Same menu, new venue for Heilman’s fair food
UPPER FAIRFIELD TWP – Nowhere on the many roads leading to and from the Heilman Church will anyone meet the pie-man going to the fair. There is however, a place to taste his wares, and many did just that on Saturday, August 8 at the church grounds in Upper Fairfield Township.
The change in venue came after 40 years at the Lycoming County Fair, where beneath the grandstand volunteers served the church’s country fare. Among reasons given for the change was that many of the volunteers continue to age, the nine-day long event requires two crews, one to man the stand and another preparing food back home. And at the fair grounds, it was learned the church group was expected to finance the much needed upgrade in electricity.
With all things considered, the decision was made to host a day long event so clientele could enjoy their fill of Heilman fair food, especially the home made pies.
At the church site between Huntersville and Farragut, a pavilion protected two rows of tables. Sporadically, individuals moved among the crowd, chatting with clusters of people giving the event a community-like atmosphere. At least two types of people were identified. The first group were natives, now seniors who moved away and were represented by the former Gast sisters, and then there were the current youthful residents represented by the Roger Bower family.
The Gast sisters, Ethel Hocker of rural Montoursville, and Lillian Horn of Montoursville Borough, returned for the day to the church of their childhood. Lillian said, “Until marriage, we lived about three miles away from the church on a farm and were the only children of Arthur and Rossana (Entz) Gatz. I especially remember Children’s Day here. In June we walked here to practice marching drills around the inside of the church,” Lillian said. The former resident also recalled that one service a year was held in the grove. “At picnics, we watched women roll lemons on a table before slicing and putting into crocks for lemonade. From Griggs Store in Montoursville, bags of roasted peanuts were brought and scattered on the ground. Children picked them up to see who gathered the most,” Lillian said.

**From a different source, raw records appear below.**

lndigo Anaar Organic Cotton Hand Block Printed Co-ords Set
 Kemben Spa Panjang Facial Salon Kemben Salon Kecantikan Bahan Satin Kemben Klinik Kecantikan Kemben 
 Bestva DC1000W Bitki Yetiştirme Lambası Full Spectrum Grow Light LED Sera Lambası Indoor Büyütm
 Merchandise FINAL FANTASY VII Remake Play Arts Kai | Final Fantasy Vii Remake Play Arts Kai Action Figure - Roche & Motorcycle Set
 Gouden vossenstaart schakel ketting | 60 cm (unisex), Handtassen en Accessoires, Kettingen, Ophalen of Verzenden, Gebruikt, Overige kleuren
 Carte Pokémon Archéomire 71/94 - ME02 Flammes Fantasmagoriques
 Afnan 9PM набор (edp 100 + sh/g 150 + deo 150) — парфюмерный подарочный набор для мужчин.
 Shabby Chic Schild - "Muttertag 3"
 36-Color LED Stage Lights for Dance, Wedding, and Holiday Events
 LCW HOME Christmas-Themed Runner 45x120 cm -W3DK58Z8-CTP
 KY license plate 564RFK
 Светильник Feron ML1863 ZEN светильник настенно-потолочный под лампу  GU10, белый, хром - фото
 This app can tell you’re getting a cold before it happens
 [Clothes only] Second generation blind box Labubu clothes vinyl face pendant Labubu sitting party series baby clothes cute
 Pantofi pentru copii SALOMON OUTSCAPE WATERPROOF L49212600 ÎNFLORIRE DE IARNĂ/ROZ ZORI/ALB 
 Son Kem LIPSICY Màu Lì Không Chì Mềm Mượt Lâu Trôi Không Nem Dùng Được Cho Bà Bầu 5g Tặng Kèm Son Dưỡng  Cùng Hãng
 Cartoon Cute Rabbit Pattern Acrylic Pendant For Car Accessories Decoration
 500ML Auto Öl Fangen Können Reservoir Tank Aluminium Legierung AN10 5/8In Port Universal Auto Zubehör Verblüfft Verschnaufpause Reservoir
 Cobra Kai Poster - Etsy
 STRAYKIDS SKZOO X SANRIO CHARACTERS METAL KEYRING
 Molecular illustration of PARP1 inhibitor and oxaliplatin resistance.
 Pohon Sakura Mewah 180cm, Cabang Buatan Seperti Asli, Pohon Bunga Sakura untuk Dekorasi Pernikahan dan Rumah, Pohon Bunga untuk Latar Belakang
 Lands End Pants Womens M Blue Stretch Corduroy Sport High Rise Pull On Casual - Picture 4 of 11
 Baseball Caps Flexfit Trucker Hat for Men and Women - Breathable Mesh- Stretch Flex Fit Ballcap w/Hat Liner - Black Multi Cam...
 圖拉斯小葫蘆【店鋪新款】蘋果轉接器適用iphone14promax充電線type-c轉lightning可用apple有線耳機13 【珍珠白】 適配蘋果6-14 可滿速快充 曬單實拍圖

Reminiscing about the Heilman stand at the fair, the sisters said they had gone the first 30 years or so to the fair, but had been unable to attend in recent years. “We appreciate the food served here; it’s easier for us to come and go. My favorite from the menu are the cream pies,” Lillian said.
Across the table, Roger Bower had finished his meal and was savoring a slice of rhubarb pie. “It has just the right balance of sweet and tart,” he said. The Bower family resides in nearby Mill Creek Township where Roger is a township employee. With Bower was wife Angie, daughter Kelsey and mother-in-law, Dee Sones.
For the past three years, Kelsey, a sophomore at Hughesville High School, and sister Shania were among the volunteer help at the fair stand. “We waited tables and I enjoyed it very much,” Kelsey said. The Bower sisters had been recruited by their former baby sitters, Ann Hall and Norma Zeisloft.
Sones said, “At the fair stand, I liked that you could sit down and were served. There was a large seating area and regardless of wether they knew you or not, all the volunteers were friendly.”
This year when the Bowers attended the fair, they found the former Heilman space empty. “We knew they wouldn’t be there, but it was a surprise to a lot of folks who were disappointed. We told them about the new date and place,” Angie said.
In addition to ads in newspapers, the event was noised about among Heilman’s sister churches. Former pastor Connie Waugh, now at Clarkstown, had announced it at her church. Noted as from the Huntersville church who came were members, Carolyn Hall, daughters Carmen Shoemaker and Penny Booth and Paul Burkhart.
Entertainment was provided by Fred and Vivian (Reeder) Welsh, a husband and wife vocal duo with Fred furnishing accompaniment on his guitar. The couple are among the church’s eight member choir and part of the 40-member congregation.
If success is gauged by the amount of food remaining, then it was successful. Serving hours were from 11 a.m. until 7 p.m. and an hour before closing, the supply of baked beans, potato salad and elderberry pie was exhausted.
Looking forward to 2016, Mrs. Welsh said, “We’ll do it again and hope to add a more festival-like atmosphere by adding children’s games. Other than that, a set date and time remains to be worked out,”
To locate the church, program your GPS for 2792 Kehrer Hill Road, Montoursville, and follow directions. According to Lillian Horn, “Its a lovely drive through the countryside.”